Os seguidores do “deus mercado” comemoram. Afinal, segundo eles, poderemos concorrer com as BETs que estão levando nosso dinheiro embora.
Claro, por que não entrar na concorrência pra ver quem consegue tirar mais dinheiro dos miseráveis? Por que não incentivar o desmantelamento das famílias? Por que não investir no vício e na degradação moral do brasileiro?
Conforme lemos em seu site, “O ano de 1969 foi um dos marcos na história da CAIXA. O Decreto-Lei Nº 759 daquele ano a constituiu como uma empresa pública e deu a ela diversas obrigações e deveres, com foco em serviços de natureza social, promoção da cidadania e do desenvolvimento do país.”
2025, em contrapartida, promete ser o ano em que a instituição romperá com tais valores e deveres para se transformar na Caixa de Pandora.
Mas Lula foi premiado por seu combate à fome. É assim que o Brasil figura neste quadro surreal do mundo.
Somos uma aberração. Uma contradição em termos. Somos uma locomotiva lanterna.
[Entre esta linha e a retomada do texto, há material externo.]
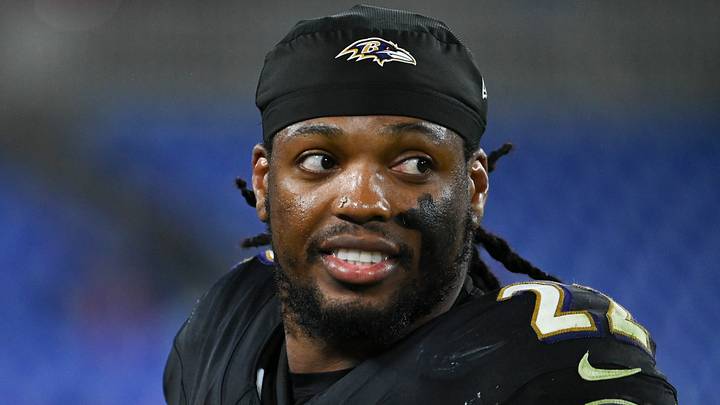 Baltimore Ravens running back Derrick Henry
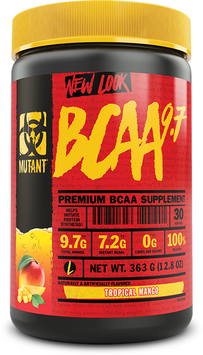 Амінокислота для спорту Mutant BCAA 9.7 363 g / 30 servings / Tropical Mango 690173 фото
Puxamos o trem da transição energética, da implementação da moeda digital, da descarbonização da economia, todas as políticas que nos fazem atolar cada vez mais na miséria, amargando os últimos lugares em educacão, mergulhando na pornografia, no tráfego de drogas e no buraco negro dos jogos de azar.
O mundo é o reino dos liberais. Lula dança a música tocada por globalistas como Bill Gates e lhe é permitido até falar umas verdades inconvenientes como expor a diferença entre ricos e pobres para divertir uma elite vaidosa e psicopata. Recebemos migalhas para apimentar uma festa para a qual nunca seremos convidados.
Isto não é um país. É só um bobo da corte.